The Center for Native American partnered with Columbia University to offer a full tuition scholarship for one Native student to attend the Columbia Summer Program. The program enables students to choose a field of study and explore the topic in-depth for six weeks on campus.
This year’s CNAY-Columbia scholar was Maria Walker, a high school junior from the White Mountain Apache Tribe. Maria chose to study Business, Finance and Economics while at Columbia. Through the program, she learned specific calculations, skills and concepts that would help her begin and advance a career in business and related fields. Maria had been taking finance classes at a local community college, and Columbia was a great supplement to explore her interests.
Maria said that New York was a lot different from her hometown in Arizona. “I’m used to pine trees, rivers, and NO traffic,” she laughed. “In New York, there were so many skyscrapers and buildings, and everyone and everything was really fast-paced!” Maria joined her classmates for field trips hosted by Columbia, which helped her explore New York City and see what it’s like to live there. Now, she’s considering attending college on the east coast.
Since the program is an on-campus opportunity spanning six weeks, Maria says that she got the full college student experience. “I thought you just go to school and that’s it,” she said. “I had to adjust to doing everything on my own.

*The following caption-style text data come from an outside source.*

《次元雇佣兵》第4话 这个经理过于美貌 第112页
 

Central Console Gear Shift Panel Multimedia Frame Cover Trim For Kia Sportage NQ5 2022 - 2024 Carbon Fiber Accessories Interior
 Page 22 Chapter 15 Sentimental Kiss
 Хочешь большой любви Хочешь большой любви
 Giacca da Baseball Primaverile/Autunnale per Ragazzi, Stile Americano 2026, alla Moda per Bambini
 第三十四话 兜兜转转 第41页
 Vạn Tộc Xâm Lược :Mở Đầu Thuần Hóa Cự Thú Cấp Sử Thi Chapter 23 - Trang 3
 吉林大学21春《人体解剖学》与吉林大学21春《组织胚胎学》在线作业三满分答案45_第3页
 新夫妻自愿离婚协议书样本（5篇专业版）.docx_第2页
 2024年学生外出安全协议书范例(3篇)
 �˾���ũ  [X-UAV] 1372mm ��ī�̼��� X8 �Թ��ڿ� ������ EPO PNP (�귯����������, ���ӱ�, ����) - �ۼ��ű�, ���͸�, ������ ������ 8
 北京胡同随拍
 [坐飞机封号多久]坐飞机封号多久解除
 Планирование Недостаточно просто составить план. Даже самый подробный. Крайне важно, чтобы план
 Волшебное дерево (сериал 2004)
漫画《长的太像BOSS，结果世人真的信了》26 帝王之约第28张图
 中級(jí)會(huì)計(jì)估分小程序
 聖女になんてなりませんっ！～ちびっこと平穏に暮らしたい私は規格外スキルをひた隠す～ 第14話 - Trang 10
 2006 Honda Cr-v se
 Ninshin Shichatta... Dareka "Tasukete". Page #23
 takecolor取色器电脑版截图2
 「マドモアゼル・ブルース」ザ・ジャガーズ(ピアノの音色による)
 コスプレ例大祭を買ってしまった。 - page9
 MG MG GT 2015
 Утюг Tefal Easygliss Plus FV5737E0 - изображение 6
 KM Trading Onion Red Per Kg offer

I had to wake up, have breakfast, and make sure I got to class on time. I was really in charge of my own life.”
Even with the many transitions involved in participating in the program, Maria thrived at Columbia. She formed a great relationship with her professor, who was so impressed by Maria’s curiosity and work ethic that he wrote her a recommendation that she can use to apply for colleges, scholarships, or other opportunities. Maria says that connections like these and the friendships she formed with classmates were huge highlights of her Columbia experience.
Maria highly recommends the Columbia Summer Program to Native students. “This isn’t an opportunity that everyone gets,” she says. “The application is tough, but in the end it’s all worth it. It’s a life experience that many Natives don’t get because of the cost of going to school in another state, and the cost of college in general.” Maria says that she didn’t expect to win the scholarship and be recognized by schools like Columbia. Now that she’s completed the program, she’s been contacted by other schools and universities congratulating her on her academic achievements and encouraging her to consider applying to their institutions. Click here to read Maria’s story in her own words.
We at the Center for Native American Youth are very proud of Maria’s accomplishments and look forward to all that she will go on to achieve! Congratulations, Maria!